Exercise brief:
Each line below from the one containing "Bâtiment de le motel" through the one containing "Philips AVENT SCY106/01" is to be given again exactly, and no line outside that span.

Provided data:

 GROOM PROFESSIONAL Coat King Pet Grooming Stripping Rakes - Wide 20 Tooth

---

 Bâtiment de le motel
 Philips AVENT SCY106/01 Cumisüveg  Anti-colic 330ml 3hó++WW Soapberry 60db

Exercise solution:
 Bâtiment de le motel
 Philips AVENT SCY106/01 Cumisüveg  Anti-colic 330ml 3hó++WW Soapberry 60db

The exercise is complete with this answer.